* [Information shown]
---*---
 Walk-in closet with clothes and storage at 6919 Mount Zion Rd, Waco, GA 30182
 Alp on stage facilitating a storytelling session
---*---
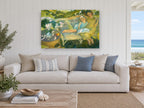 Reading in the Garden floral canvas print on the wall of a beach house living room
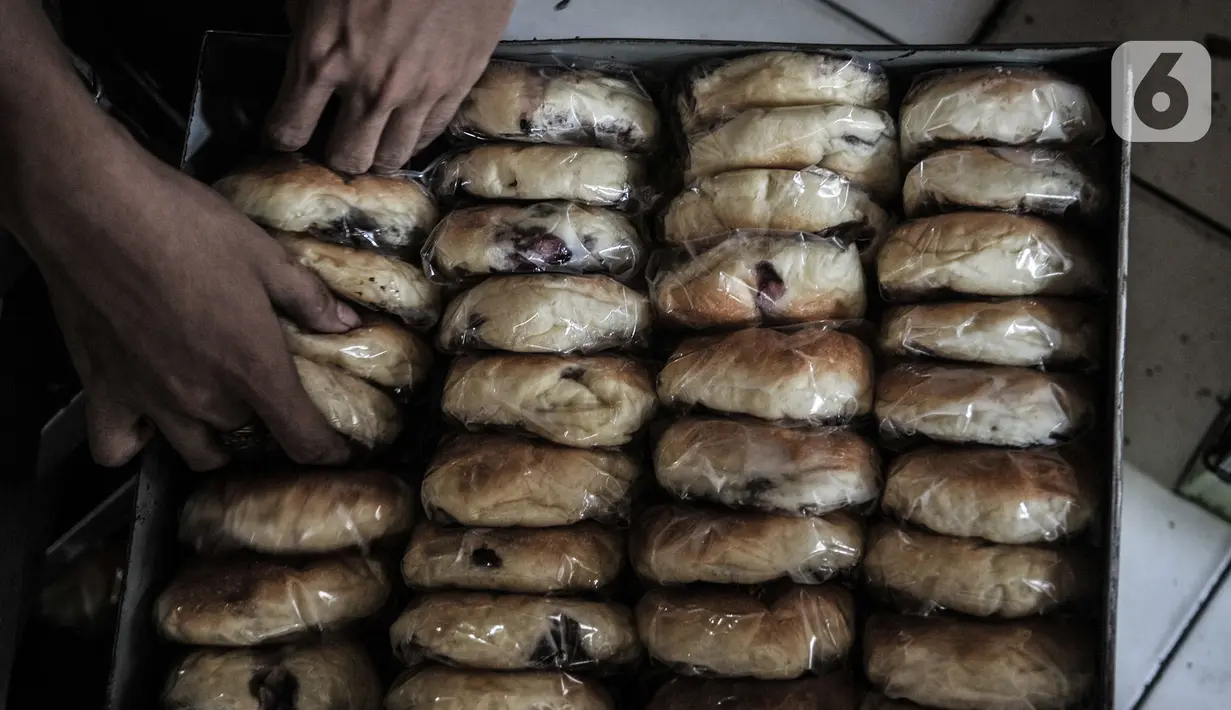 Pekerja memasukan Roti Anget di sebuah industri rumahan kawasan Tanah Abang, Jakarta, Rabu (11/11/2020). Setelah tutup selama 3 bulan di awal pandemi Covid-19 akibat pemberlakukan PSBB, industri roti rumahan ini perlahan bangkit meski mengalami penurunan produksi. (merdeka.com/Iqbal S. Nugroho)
---*---
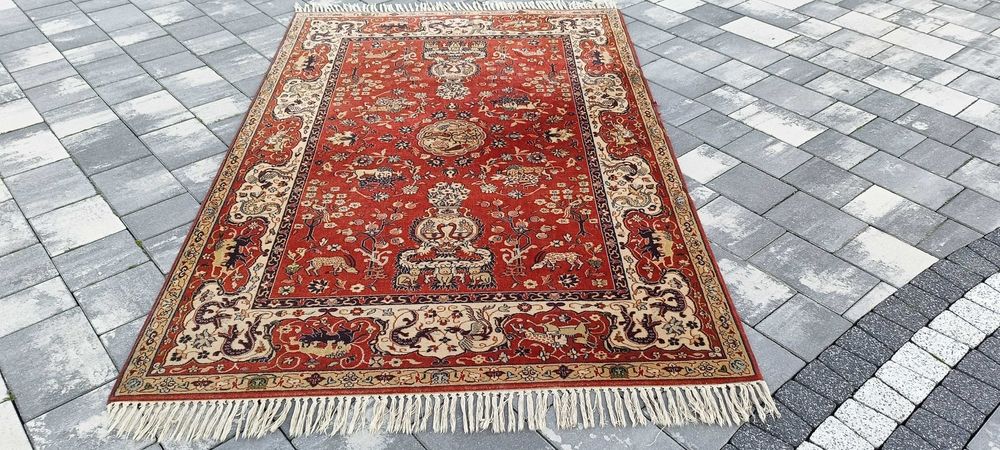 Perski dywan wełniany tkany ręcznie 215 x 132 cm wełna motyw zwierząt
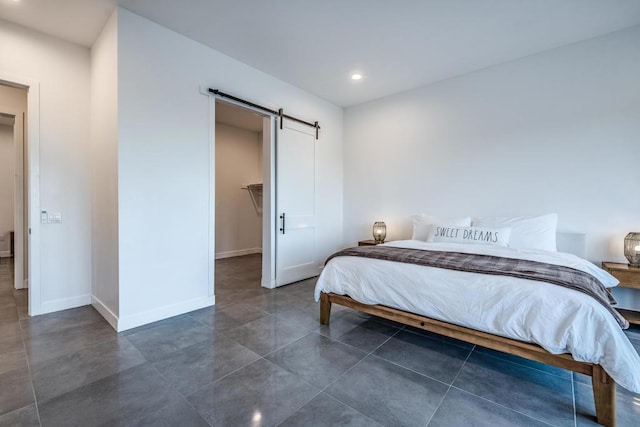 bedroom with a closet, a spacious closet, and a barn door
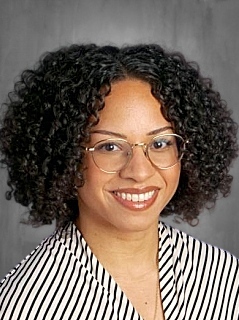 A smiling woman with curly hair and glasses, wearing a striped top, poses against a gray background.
---*---
* [Your assignment] Go down the entries above from the line containing "Reading in the" to the line containing "Pekerja memasukan Roti" and write out each line exactly, leaving pictures out.

* [Answer to the problem]
 Reading in the Garden floral canvas print on the wall of a beach house living room
 Pekerja memasukan Roti Anget di sebuah industri rumahan kawasan Tanah Abang, Jakarta, Rabu (11/11/2020). Setelah tutup selama 3 bulan di awal pandemi Covid-19 akibat pemberlakukan PSBB, industri roti rumahan ini perlahan bangkit meski mengalami penurunan produksi. (merdeka.com/Iqbal S. Nugroho)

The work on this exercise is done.